Coconut and date bread pudding

June 18, 2008 (Last Updated: January 11, 2019)
Coconut and date bread pudding recipe

Bread pudding is a firm South African favourite and a classic dessert of my childhood. The dates and coconut add a touch of sophistication.

To drink: Spicy, sweet and richly decadent puddings need an amplebodied wooded chenin – enjoy with Maverick Chenin 2006.

Coconut and date bread pudding

Serves: 6
Cooking Time: 50 mins


  • 750ml fresh breadcrumbs
  • 100g pitted dates, chopped
  • 20ml desiccated coconut
  • 500ml milk
  • 50g butter
  • 50ml brown sugar
  • 1 cinnamon stick
  • a pinch of salt
  • 2 jumbo eggs, beaten
  • 50ml apricot jam, warmed



Preheat the oven to 180°C. Lightly grease a rectangular baking dish.
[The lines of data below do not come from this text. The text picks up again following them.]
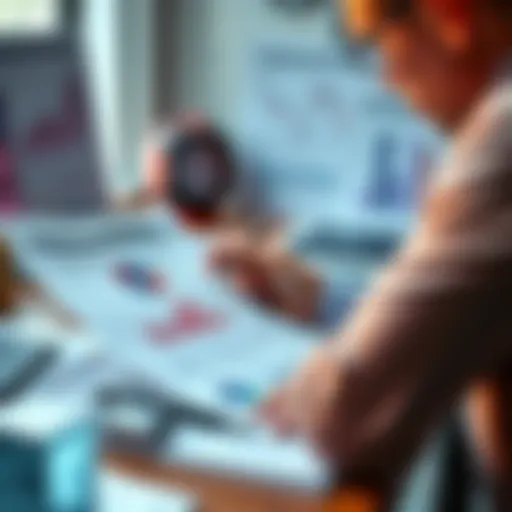 A person reviewing financial documents with graphs and charts on a desk, analyzing cash flow for investment decisions.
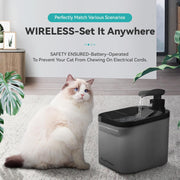 TUXTOOX Smart Cat Water Fountain, Wireless Pet Fountain for Drinking- 74.4oz/2.2L Battery Operated Quiet Pet Water Bowl Dispenser for Cats, Dogs, Multiple Pets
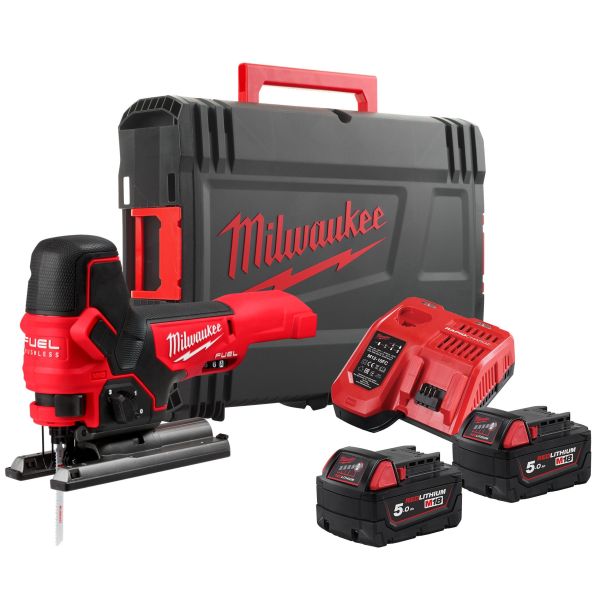 Milwaukee M18 FBJS-502X akkupistosaha -paketti, 2x5Ah akut ja laturi, HD-Box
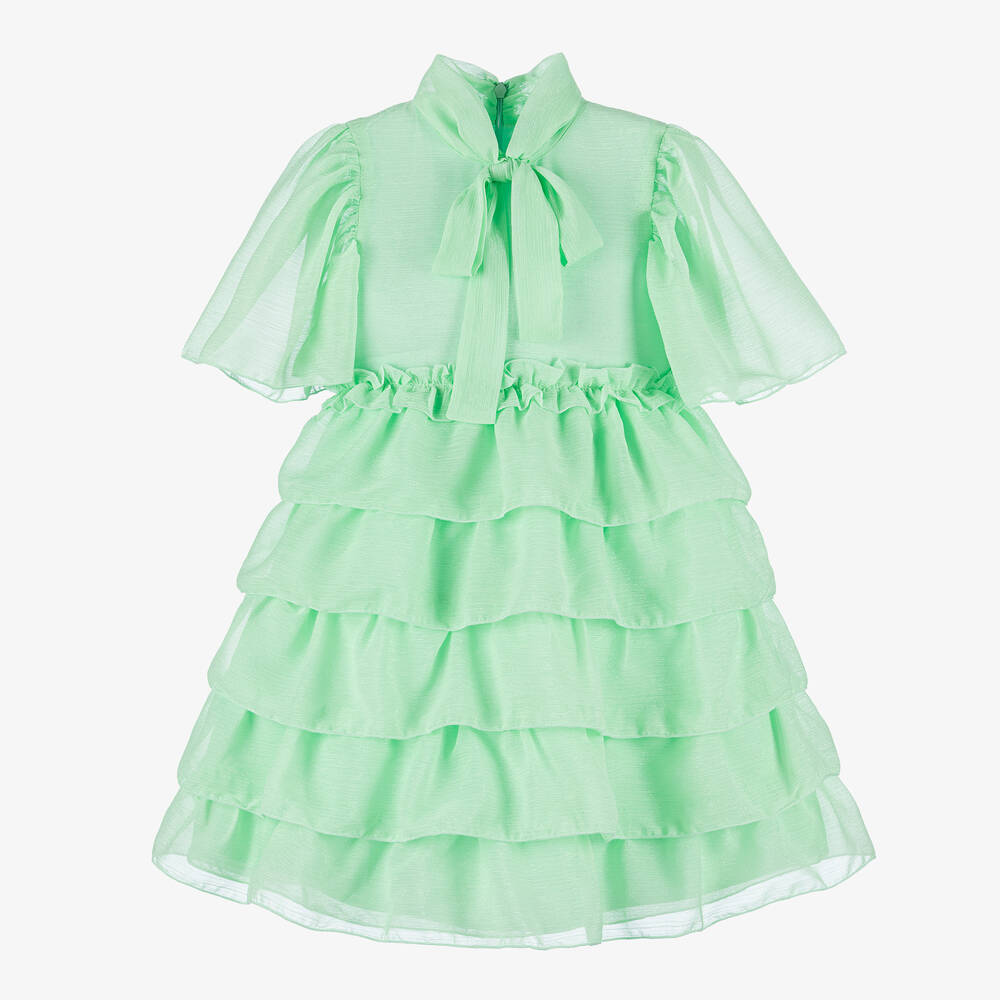 EIRENE-Зеленое многоярусное платье с блестками | Childrensalon Outlet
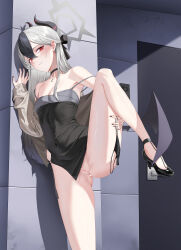 Rule 34 | 1girl, absurdres, black choker, black dress, black footwear, black hair, black horns, black nails, blue archive, bottomless, breasts, choker, commentary request, covered navel, dress, foot out of frame, grey hair, grey halo, halo, hand up, high heels, highres, holding, holding panties, holding underwear, holding unworn clothes, horns, kayoko (blue archive), kayoko (dress) (blue archive), long hair, long sleeves, macabro, off shoulder, official alternate costume, panties, parted lips, pussy, red eyes, short dress, small breasts, solo, standing, standing on one leg, strap slip, tight clothes, tight dress, underwear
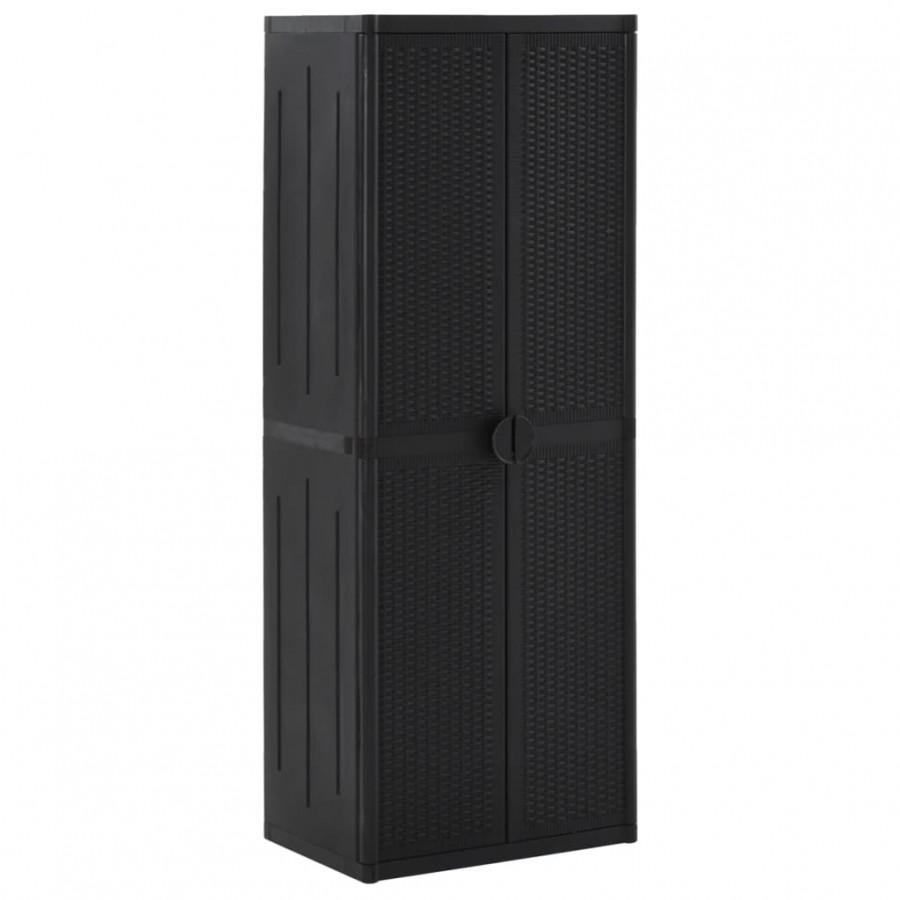 Armoire de rangement de jardin Noir 65x45x172 cm PP Rotin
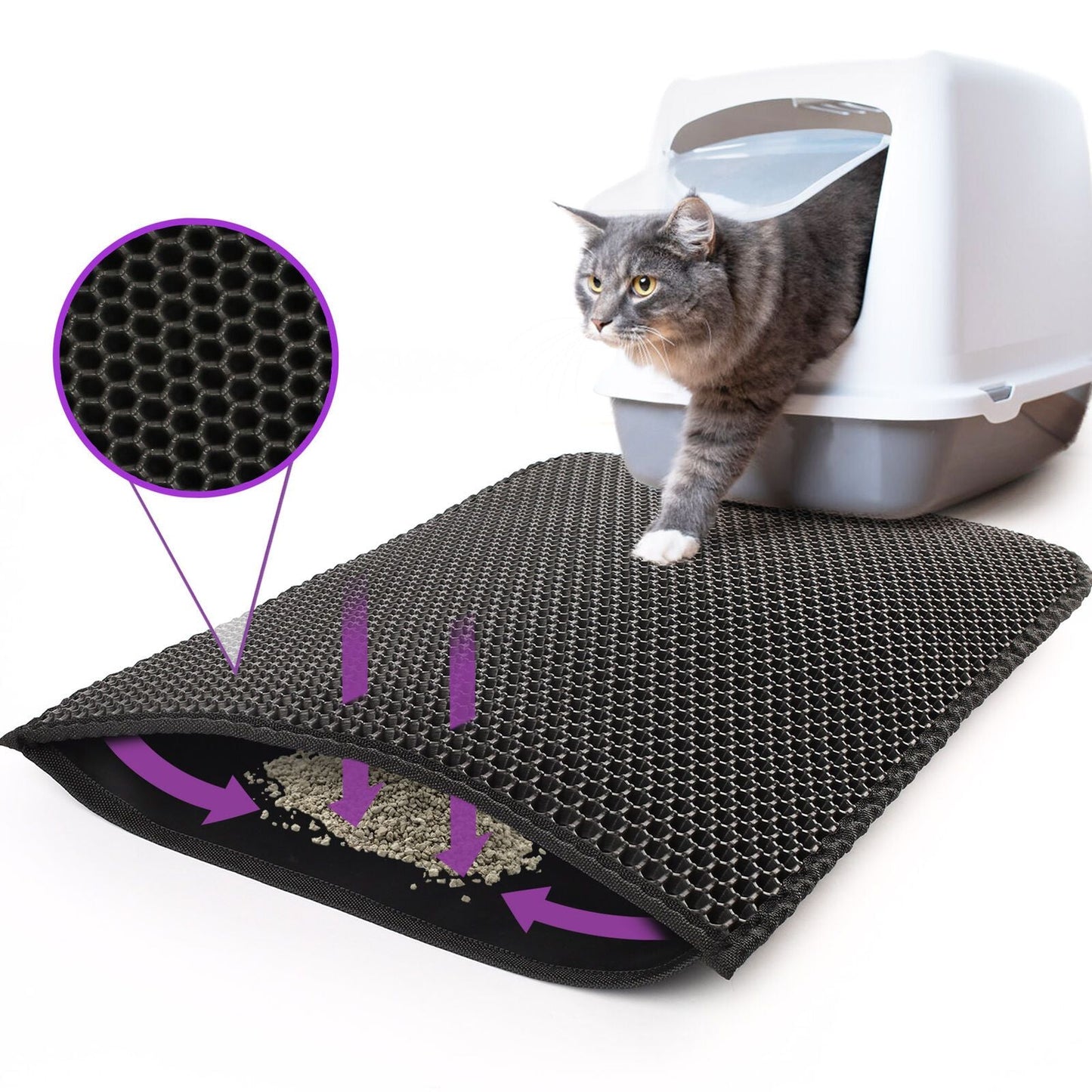 Kitty Katzenstreu-Matte, Wabenmuster, doppellagiges Design, wasserdicht, doppellagiges EVA-Katzenstreu-Pad, wasserdicht, rutschfest, Sandbeckenfilter, waschbare Matratze für Kätzchen und Hunde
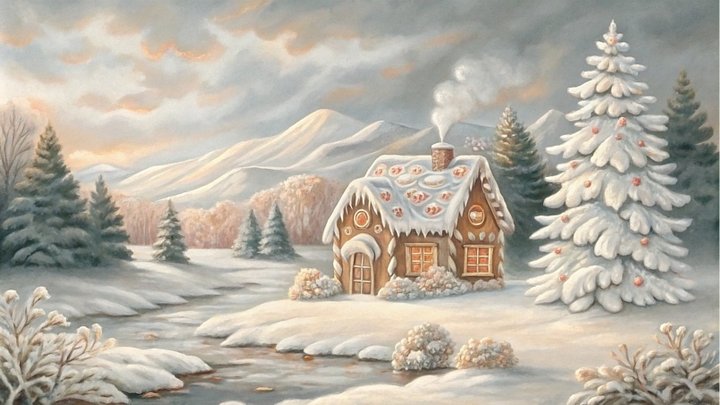 Gingerbread Cottage in Winter Wonderland - Frame TV VII product image (1)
Sprinkle the breadcrumbs over the base of the dish and scatter the dates and coconut on top.


Heat the milk, butter, sugar, cinnamon stick and salt in a heavy-based pot until scalding. Do not let it boil.


Remove the cinnamon stick and add the liquid to the eggs and pour it over the crumb mixture. Dot with the jam and bake until a cake skewer inserted into the centre comes out clean, about 40 minutes.